He was talking to a Chinese audience. And his comments were interspersed with translations into Chinese. But, except for that, this could well have been Bill Clinton on the campaign trail back home: Maybe Omaha. Or Walla Walla. Or Dubuque.
Mr. Clinton has become the campaigning president - whether at home or abroad. He's out selling his programs and himself - virtually all the time. He's good at this, and he knows he's good at it. It took that kind of super-confidence for him to challenge the Chinese president on Jiang Zemin's own turf.
Was it a victory for the president, this trip to a China that is a major abuser of human rights? And did he make real headway against a Chinese leader who was not, even under Clinton's prodding, willing to apologize for his country's military turning its guns on the students at Tiananmen Square? Were the trade agreements that were consummated of more than minor importance?
It seems to me that we will have to wait months, and probably years, to judge the lasting worth of Clinton's trip. Perhaps historians will say the United States would have been better off if he had stayed at home.
But my judgment - admittedly a narrow one of a political writer whose canvas is the domestic scene - is that Clinton once more hit the ball out of the park as a political campaigner. His televised and radiocast comments and conversations with the Chinese people seemed to have gone over quite well with them. But of even more importance to supporters of the president, the gutsy Clinton performances undoubtedly shored up public backing at home.

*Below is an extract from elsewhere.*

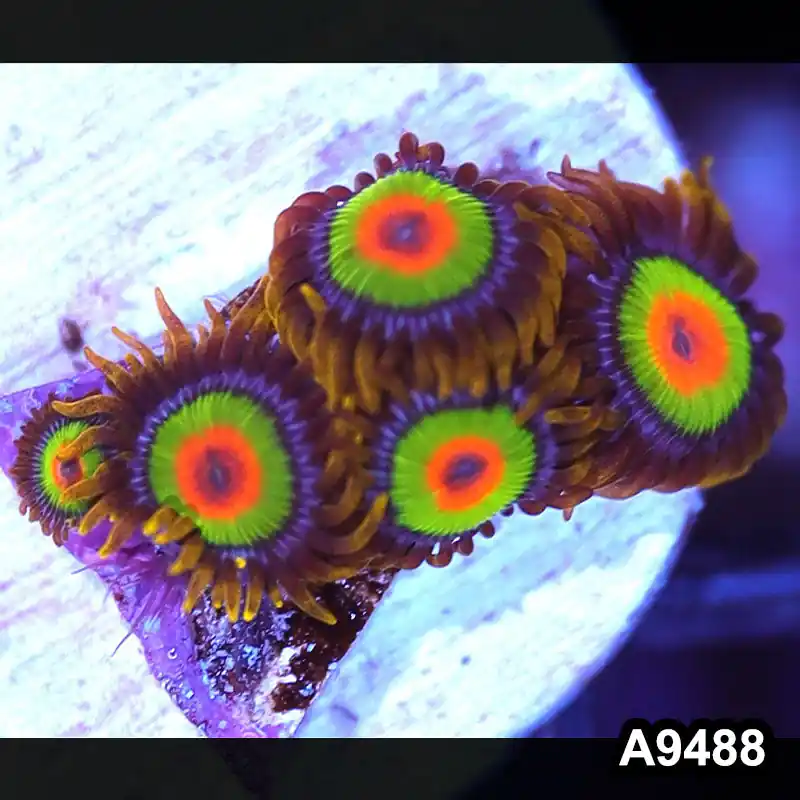Item#A9488IN9488(S) WYSIWYG Cultured Premium Rasta Zoanthid Frag - Zooxae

Actually, Clinton has been riding high in the polls measuring his popularity. But other polls, showing a growing number of Americans becoming critical of what they see to be personal misconduct on the part of the president, have indicated Clinton's hold on public favor is on the edge of plummeting. Clinton's home run in China should hold off that decline for at least a while.
One commentator called it "Clinton luck" when the president was permitted a live TV broadcast of his news conference with Mr. Jiang and his meeting with students at Beijing University. But another interpretation might well have called it "courage" for Clinton to have been willing, and eager to test his knowledge and skills in such a challenging setting. What other president would have reached for an opportunity so fraught with the danger of possibly embarrassing himself and the US? I think most presidents would have seen this as entering a lions' den they'd avoid, not seek.
So whatever Clinton may have accomplished, I say now what I said as I watched Clinton masterfully perform this high-wire act in international diplomacy: I was proud of our president.
Poor Bill. He had to come home where the welcome and appreciation for his China feats are mixed with what he sees as the never-ending Ken Starr scrutiny into his personal conduct.
Indeed, the president by now is probably ready for another trip abroad to get away from the Linda Tripps and the Monica Lewinskys and the whole mess in which he has long been entangled.